___ Excerpted data

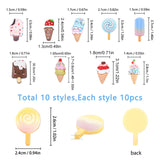 Resin Decoden Cabochons, Imitation Food, Mixed Color, 27x19.5x6mm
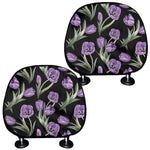 Purple Watercolor Tulip Pattern Print Car Headrest Covers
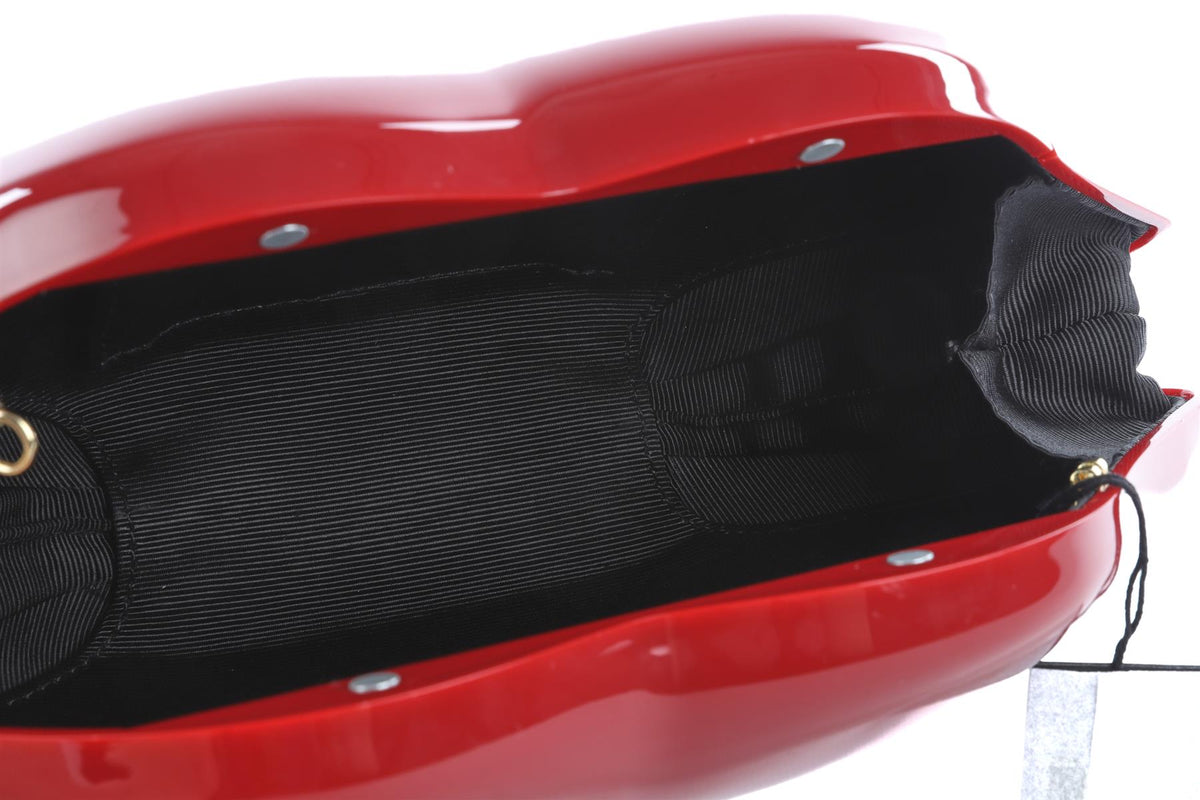 Lulu Guiness Red Lulu Medium Red Lips Clutch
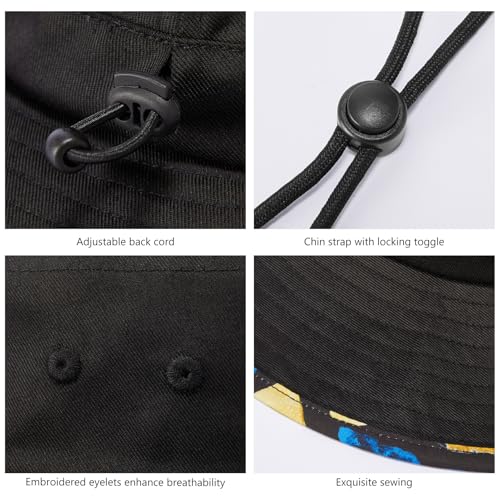UPF 50+ Foldable Sun Hat Patterned Under Brim Bucket Hats for Summer Hiking Fishing Beach Safari Men Women - color: Black & Dark Grey, size: Medium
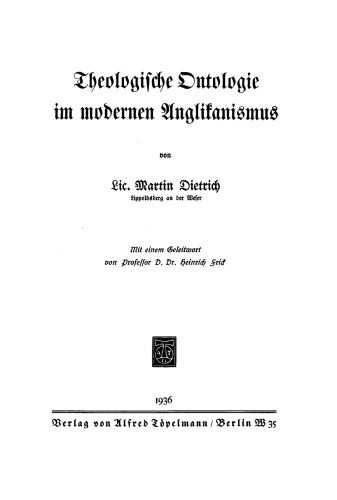 Theologische Ontologie im modernen Anglikanismus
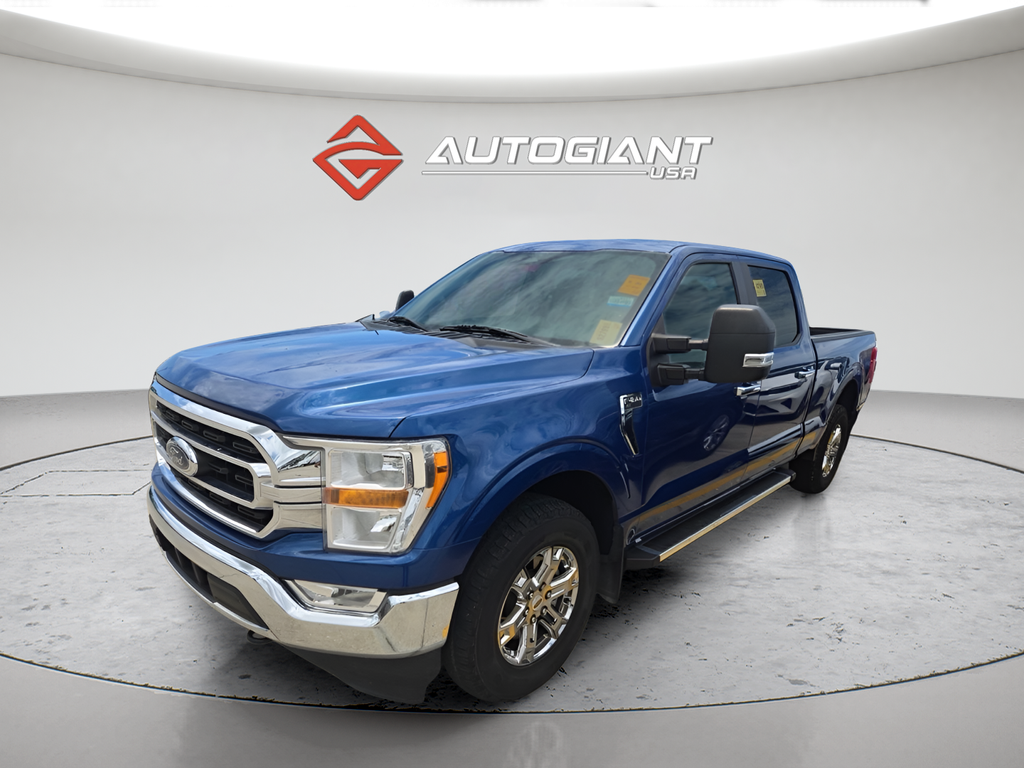 Blue 2022 Ford F-150 XLT SuperCrew 4WD Pickup Truck Four-Wheel Drive Automatic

______

## [Instructions for the task]
Repeat each record exactly as shown above, dropping all images.

## [Answer space]
 Resin Decoden Cabochons, Imitation Food, Mixed Color, 27x19.5x6mm
 Purple Watercolor Tulip Pattern Print Car Headrest Covers
 Lulu Guiness Red Lulu Medium Red Lips Clutch
UPF 50+ Foldable Sun Hat Patterned Under Brim Bucket Hats for Summer Hiking Fishing Beach Safari Men Women - color: Black & Dark Grey, size: Medium
 Theologische Ontologie im modernen Anglikanismus
 Blue 2022 Ford F-150 XLT SuperCrew 4WD Pickup Truck Four-Wheel Drive Automatic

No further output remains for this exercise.